Chief Business Reporter

Private sector credit growth in the country is starting to accelerate, driven by a strong demand for funds from the construction, real estate and services sectors, says Dun & Bradstreet in a report.

Quoting Qatar Central Bank, Dun & Bradstreet said the country’s private sector credit growth grew by 16% year-on-year in June, with contracting loans rising by 34%.

Claims on the public sector grew by a much slower 6%, reflecting recent government directives that state-owned entities must seek approval from the Ministry of Finance before taking out loans, said Dun & Bradstreet in its “Qatar economy insight”.

The reason for this, according to Dun & Bradstreet is two-fold: to reduce government debt exposure, but also to prevent the state from “crowding out” private sector credit.

As a result of the much faster pace of private sector credit growth, it now makes up 57% of the total loan book of local banks.

To meet the growing need for capital, the QCB also wants to encourage additional means of borrowing among Qatari entities.

To this end, it has been trying to establish a “strong yield curve” in the local bond market in order to create a benchmark for local companies.
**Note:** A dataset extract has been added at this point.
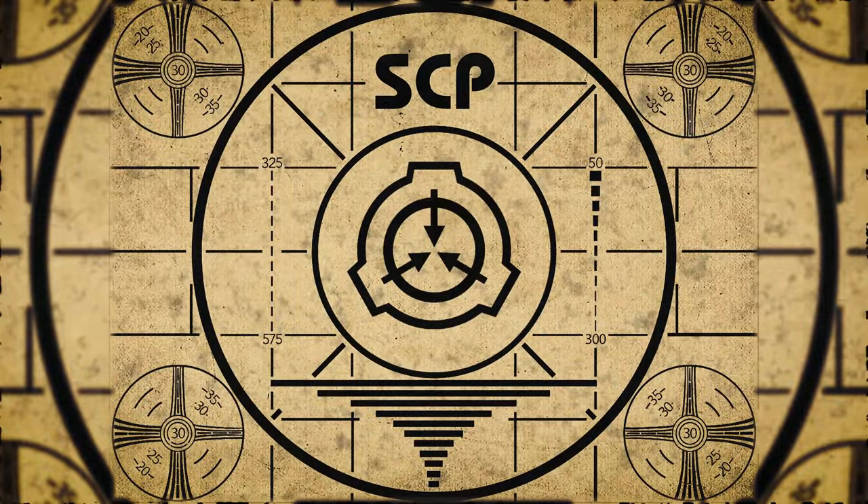Lesson complete. If you missed the previous orientation, go watch SCP-400, Beautiful Babies, right now.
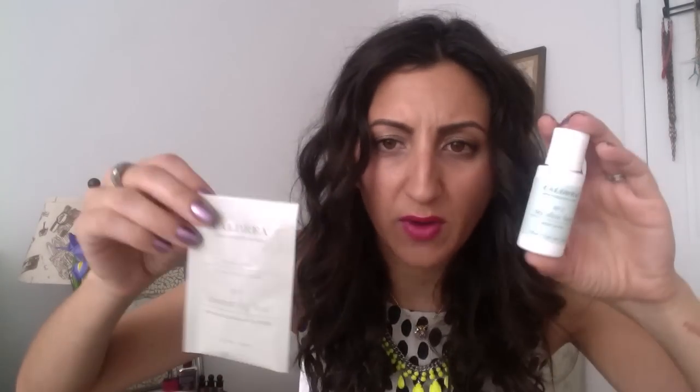I'm going to open my box in order of the product card. The first thing is Caldrea body wash and body lotion. I've used the Caldrea hand soap lots — at Birchbox we actually keep it at the sink in the kitchen. They have really interesting scents, like all different ones. This one is called Tea Olive Lime and this one is Coconut Fig Leaf. Those aren't really normal scents!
In August, the government started selling seven-year bonds, alongside the five-year and three-year quarterly offerings that it has been issuing since March 2013. The longer-term bonds allow the government to build a longer yield curve in the riyal-denominated bond market, which will support the development of a viable local debt market for local companies, creating a deeper reservoir of funds to support project development.

The government has also been pouring more of its own money into project development; with fiscal indicators for the 2013-14 budget showing an overspend against budget of 10%.
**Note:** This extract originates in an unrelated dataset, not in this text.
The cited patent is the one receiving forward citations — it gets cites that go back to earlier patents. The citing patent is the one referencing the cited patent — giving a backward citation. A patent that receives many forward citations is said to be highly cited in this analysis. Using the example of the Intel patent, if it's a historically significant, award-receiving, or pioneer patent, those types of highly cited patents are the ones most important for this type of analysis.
The budget itself showed an 18% increase against the previous year’s figure. Much of the increase in spending came on capital items, with project spending rising by 33% over the year, against a rise of just 2% in the previous year. Conversely, growth in current spending slowed dramatically, from 24% in the 2012-13 fiscal year to just 6% last year.

Inevitably, this higher level of liquidity has impacted consumer prices. Average annual inflation reached 3.1% in 2013, up from 1.9% in the previous year, although by June 2014 the 12-month average had slowed slightly to 2.8%, helped by moderating food prices.

However, the driver of price growth, house prices (which make up almost a third of the consumer price index), is likely to continue to exert upward pressure on overall prices.

Qatar Central Bank’s real estate price index jumped 29% y-o-y in June, driven by strong population growth.